The fundamental choice between an open, interoperable metaverse and proprietary 'walled gardens,' as detailed by Digital Reality, is not just a technical debate; it's a high-stakes battle for control over the $5 trillion economic value McKinsey projects the metaverse will generate by 2030, determining who truly benefits from this digital frontier. An open metaverse fosters innovation and competition, while closed systems concentrate power and potentially limit user freedom and choice.

The Trillion-Dollar Question: Why the Metaverse Matters Now

The metaverse's projected impact of over $5 trillion in added value by 2030, affecting 80% of the global economy and hosting most live events (McKinsey), elevates its status from a speculative concept to a central pillar of the global economy. Such an impact suggests widespread integration into sectors like healthcare, manufacturing, and government services, far beyond current perceptions.

The metaverse's ability to impact 80% of the global economy, as projected by McKinsey, hinges less on technological advancements and more on overcoming the inherent tension between fragmented, controlled digital spaces and a truly open, interconnected digital future. Without a unified approach, the full economic potential, particularly in cross-platform commerce and collaborative enterprise environments, may remain unrealized.

Your Metaverse Questions Answered

What are the core technologies enabling the metaverse?

Beyond virtual reality (VR) and augmented reality (AR) hardware, critical enablers include blockchain for secure digital ownership and identity, artificial intelligence for dynamic content generation and intelligent agents, and high-fidelity 3D graphics engines. These technologies work together to create persistent, interactive virtual worlds.

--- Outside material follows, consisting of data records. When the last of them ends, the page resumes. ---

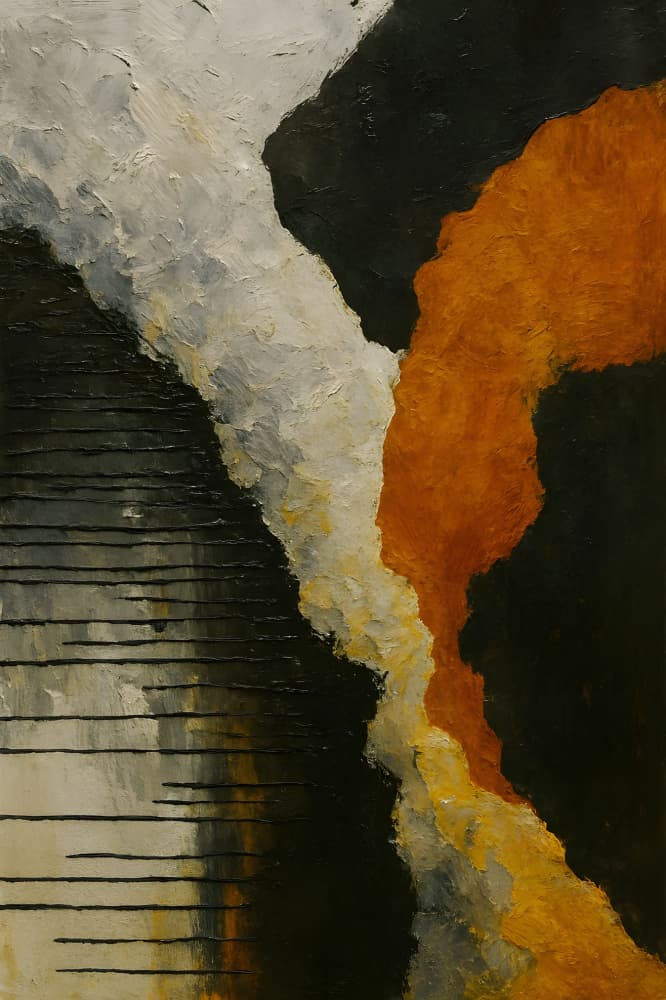 Textured Abstract Flow by HUGO — canvas wall art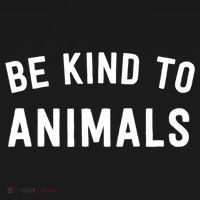 Be Kind To Animals Gift Cute Animal Lover Gift Pajama Set thumb 2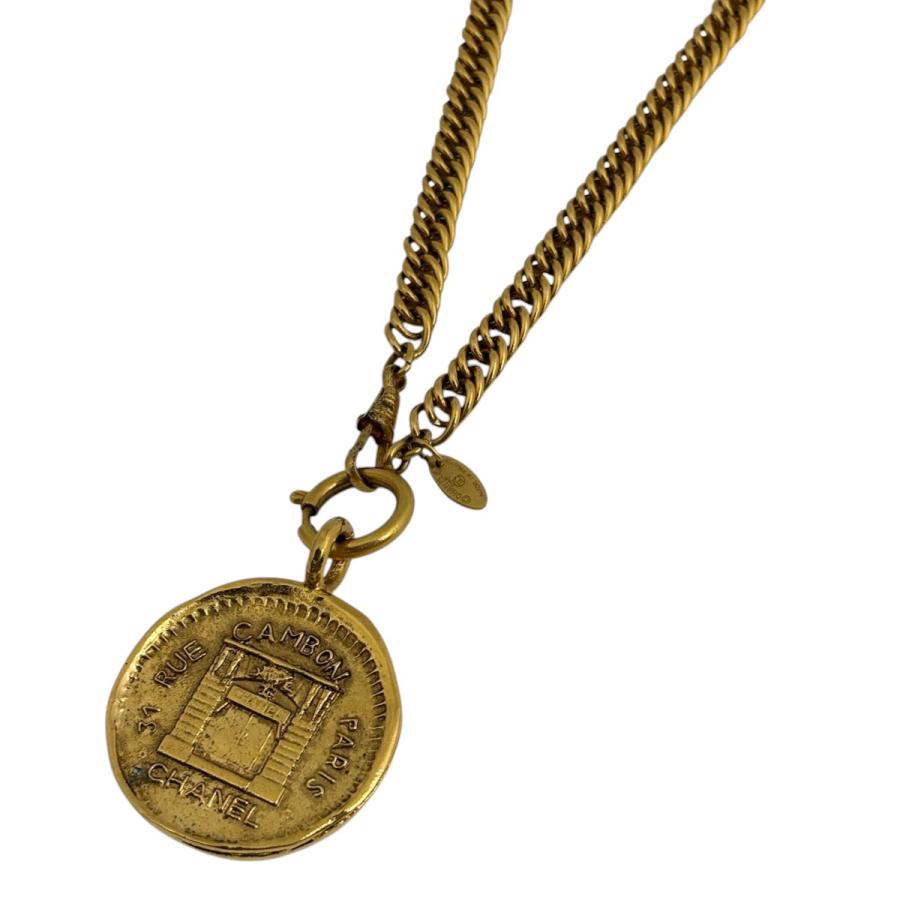シャネル ロゴ チェーン ネックレス GP 【中古】 CHANEL - シャネル ロゴ チェーン ネックレス GP 【中古】の通販 by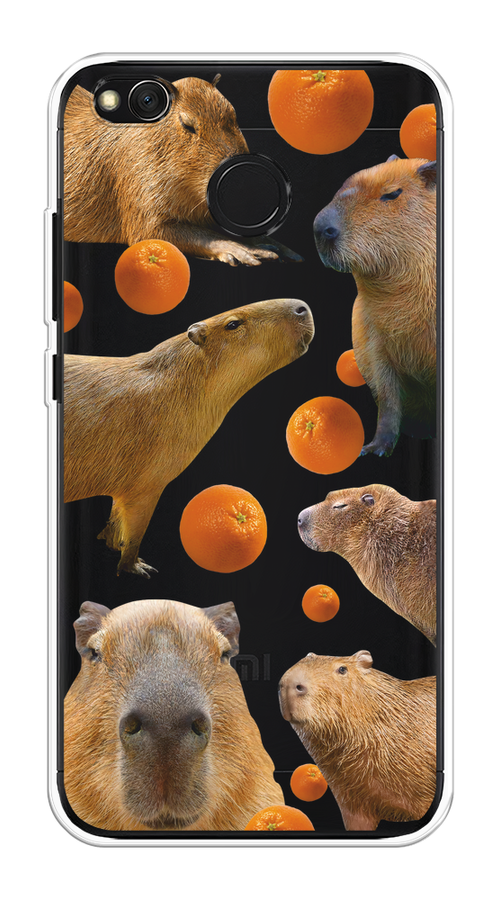 

Чехол на Xiaomi Redmi 4X "Капибара и апельсины", Бежевый;оранжевый, 31450-1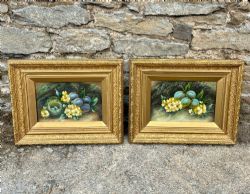 PAIR OF STILL LIFE OIL PAINTINGS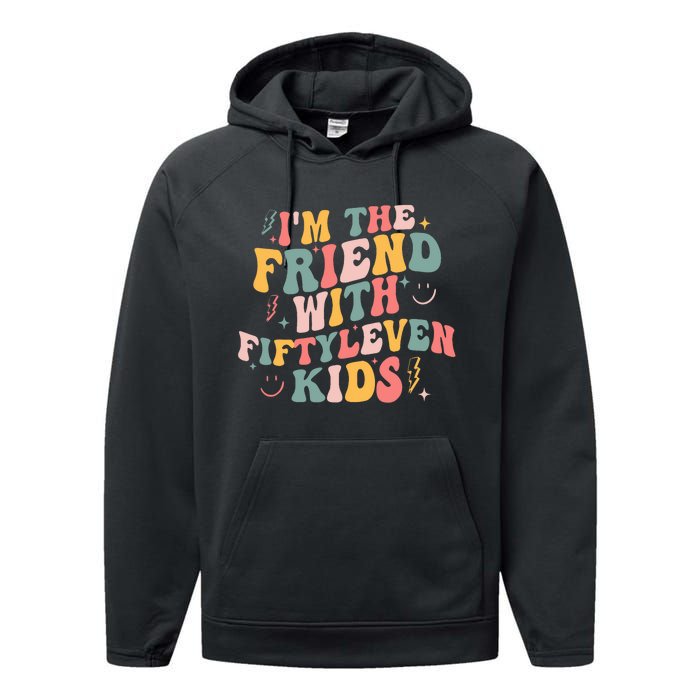 Funny Im The Friend With Fiftyleven K.I.D.S Sarcastic Performance Fleece Hoodie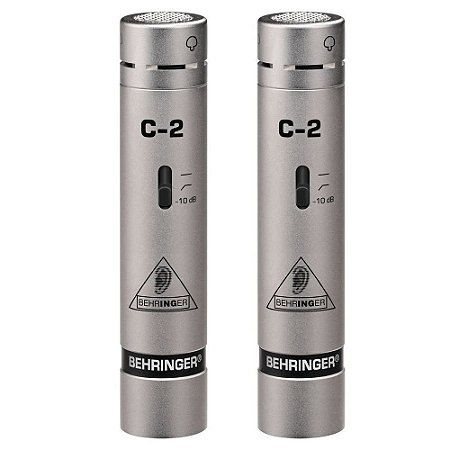 Microfone Condensador Para Instrumentos (Par) C2 - BEHRINGER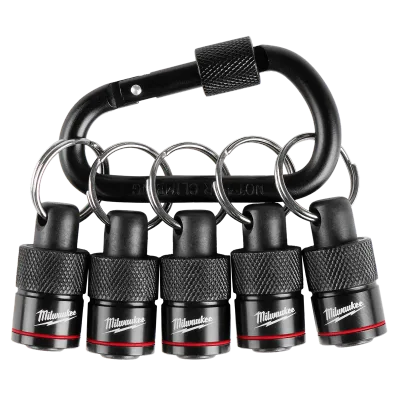 5PC Bit Holder with Carabiner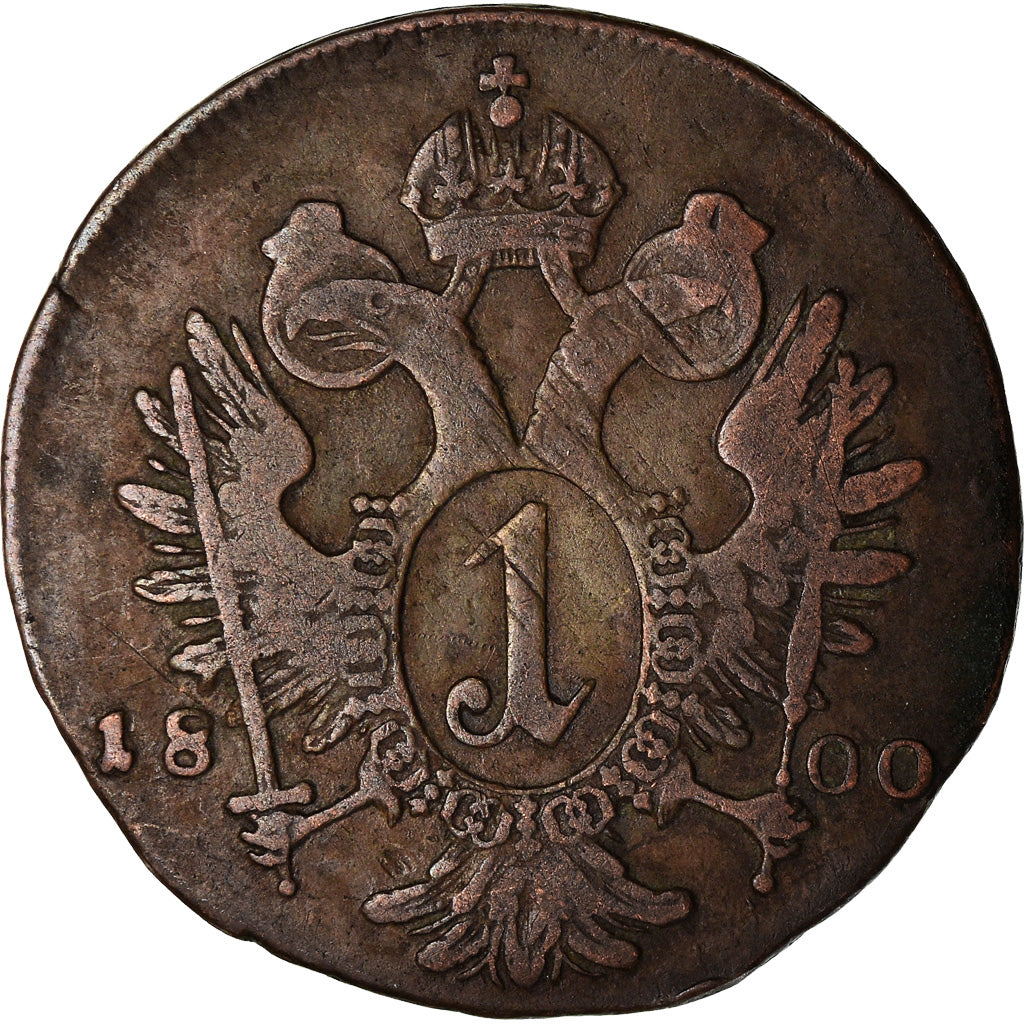 Monnaie, Autriche, Franz II (I), Kreuzer, 1800, Prague, TB, Billon, KM:2111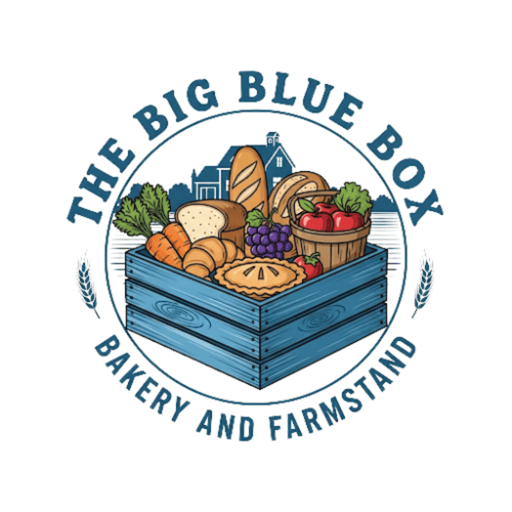 The Big Blue Box Bakery  logo
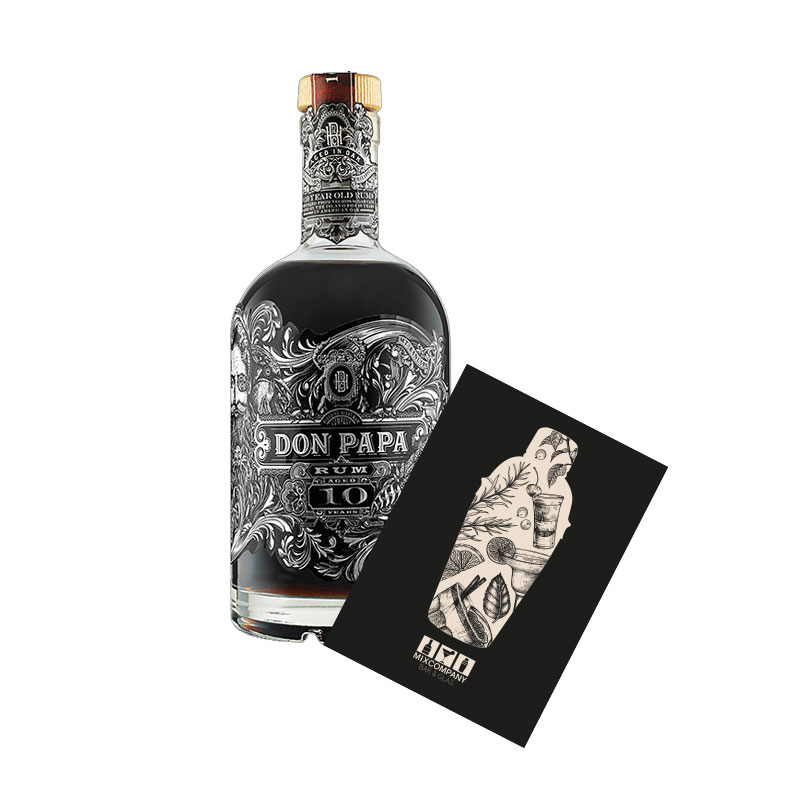 Don Papa Rum 10 Jahre 0,2L (43% vol) - Limited Edition 10 years aged 200ml- [Enthält Sulfite]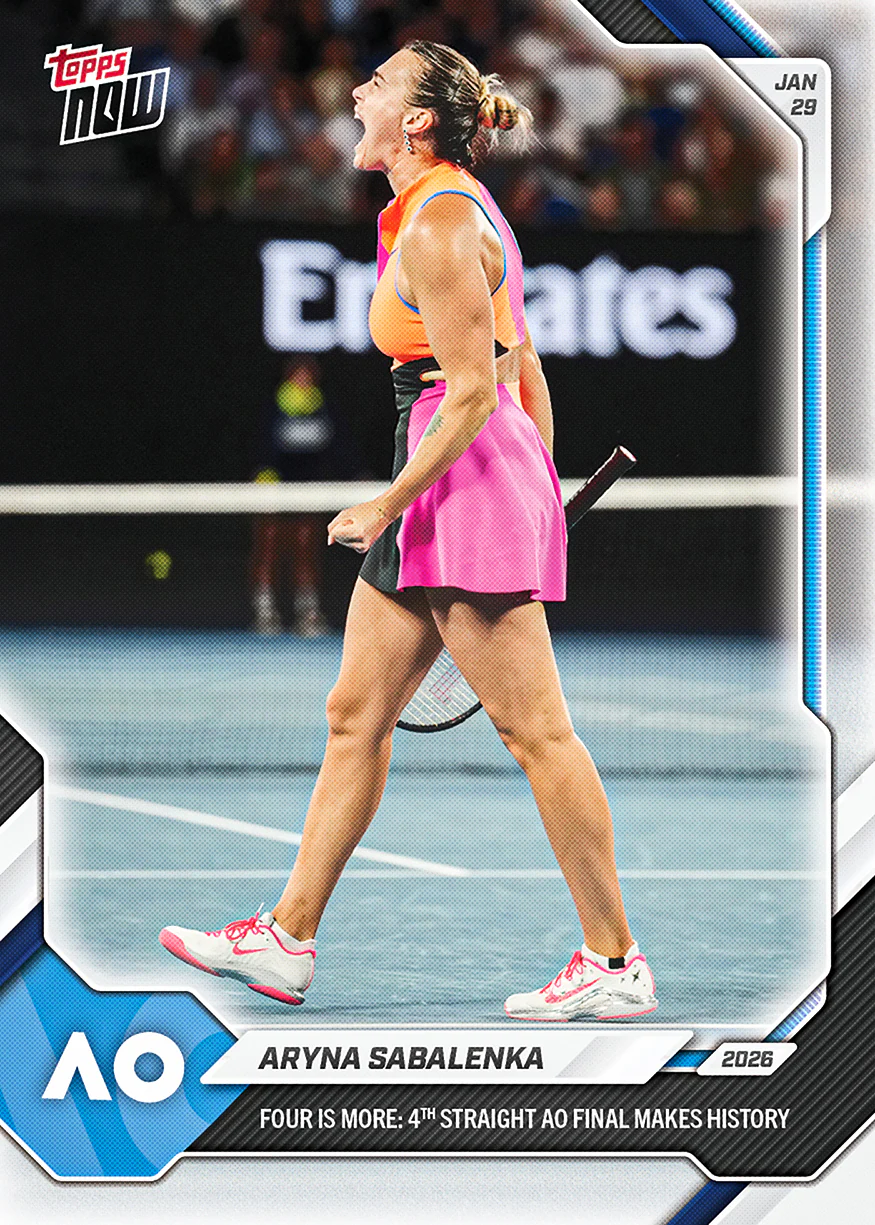 2026 Tennis Topps NOW #6 Aryna Sabalenka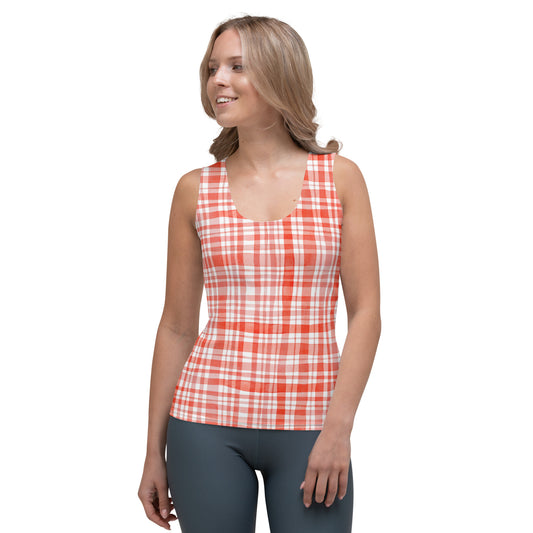 Red Gingham Tank Top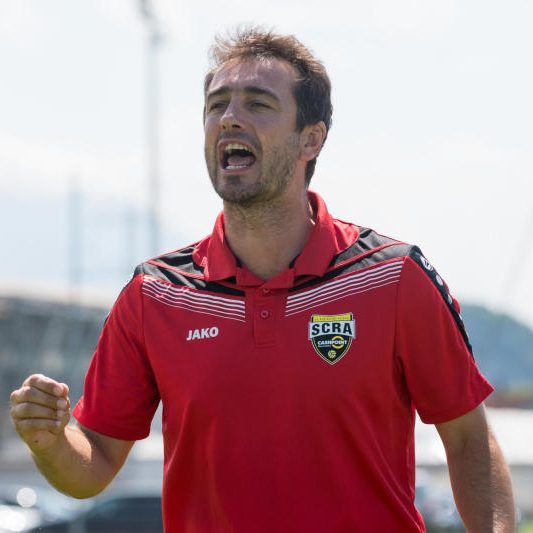 Altach Amateure Erfolgscoach Dietmar Berchtold war hochzufrieden nach dem Sieg in Hohenems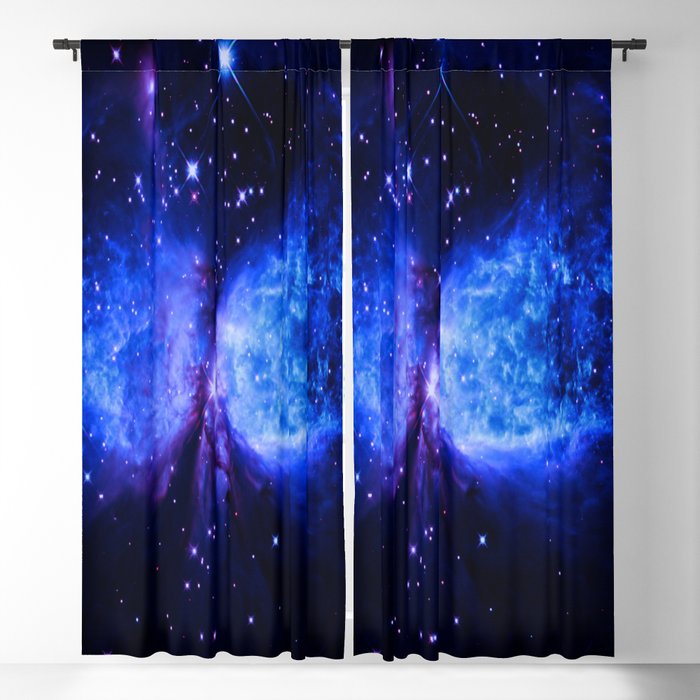 Space Galaxy : a star is born Midnight Blue Violet Blackout Curtain by  2sweet4words Designs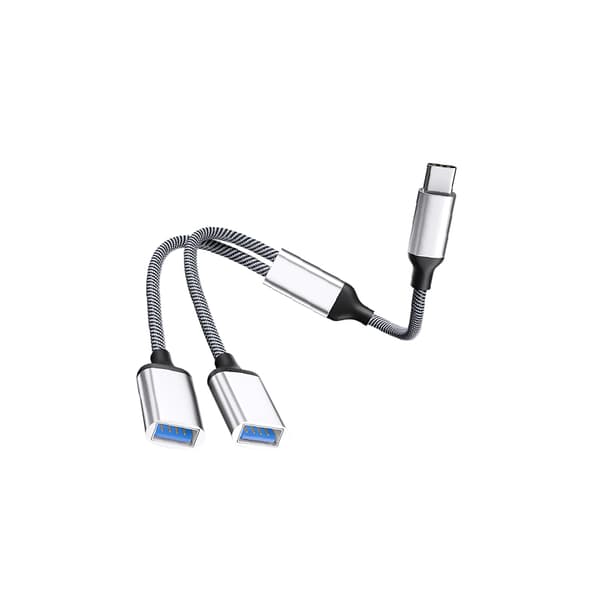 INF Type-C til Dual USB 2.0-adapter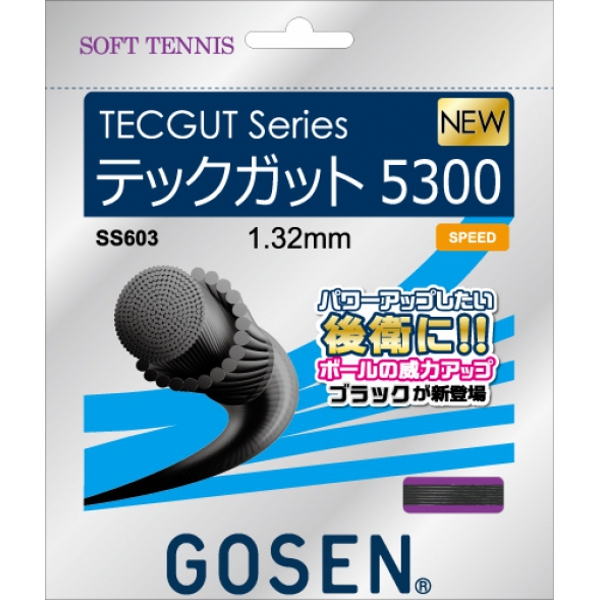 海外限定 GOSEN ゴーセン テックガット5200 ss602ソフトテニスストリング ガット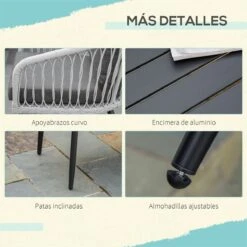 Outsunny Conjunto De Muebles De Ratán Y Aluminio Juego De Muebles De Jardín 4 Piezas Mesa De Café Sofá De 3 Plazas Y 2 Sillones Con Cojines Para Terraza Exterior Gris 15 Outsunny Conjunto De Muebles De Ratán Y Aluminio Juego De Muebles De Jardín 4 Piezas Mesa De Café Sofá De 3 Plazas Y 2 Sillones Con Cojines Para Terraza Exterior Gris -Jardin Decoración Shop 9bb7b40cef6d194e7a6f40c0cc71a2f989bdd7e4 ac55c0aeb47d46de99e7bfebe929c029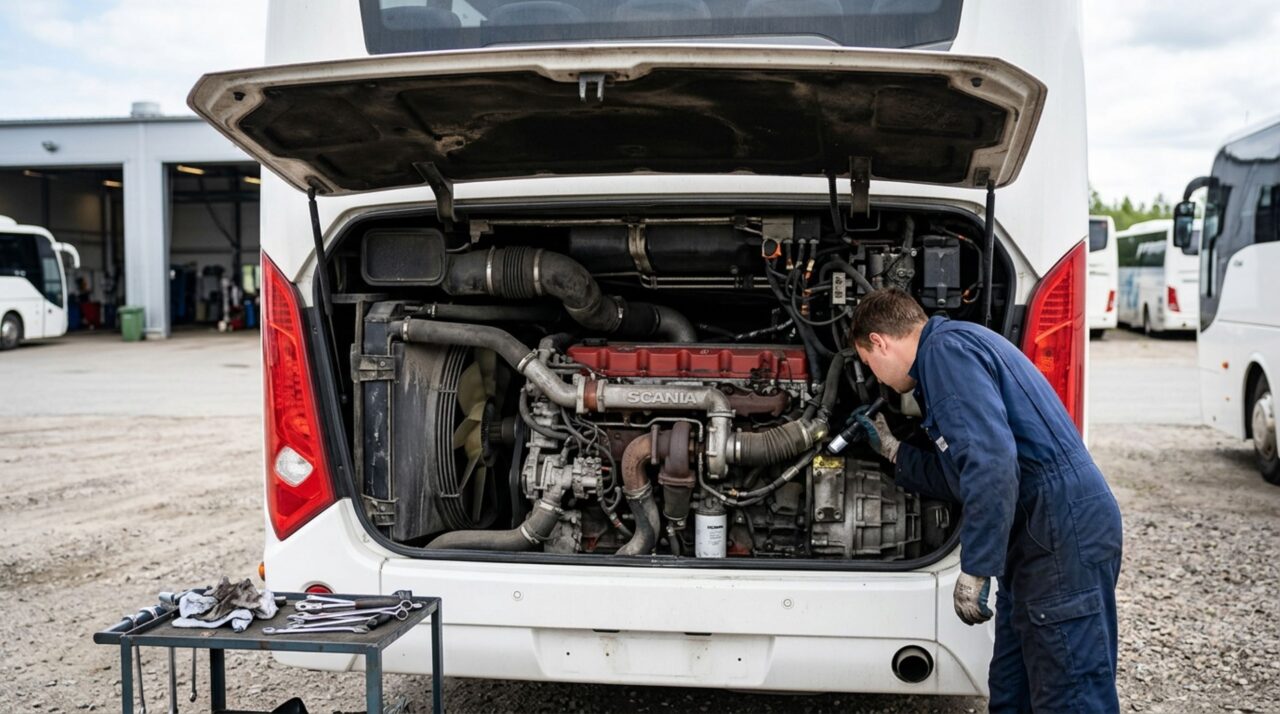 O motor de grande cilindrada que pode levar um ônibus por até 2 milhões de quilômetros antes do fim da vida útil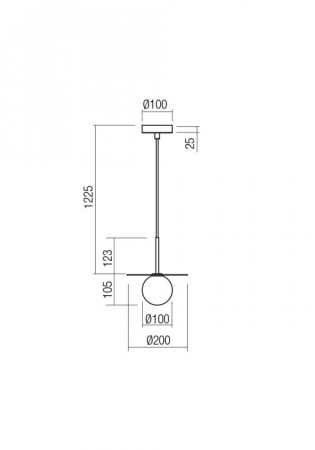 Suspensie REDO PLATO 01-2728 G9 SAND BLACK 1 x max.10W   IP20 [1]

How will the metaverse impact industries outside of gaming?

Industries such as healthcare could use the metaverse for remote surgery training and patient consultations, offering immersive learning and diagnostic tools. Manufacturing might utilize digital twins for product design and factory optimization, allowing virtual prototyping and real-time monitoring of operations.

What are the key challenges for metaverse development?

Significant challenges include achieving true interoperability between diverse platforms, ensuring robust data privacy and security for users, and developing scalable infrastructure capable of supporting millions of concurrent users with low latency. Ethical considerations regarding digital identity and governance also require comprehensive solutions.

Navigating the Next Digital Revolution

By Q4 2026, companies like Meta Platforms will need to demonstrate significant progress towards interoperable standards to secure their position in a truly open metaverse, or risk marginalization by platforms embracing broader connectivity. The future of this digital frontier depends on overcoming the fundamental tension between control and openness.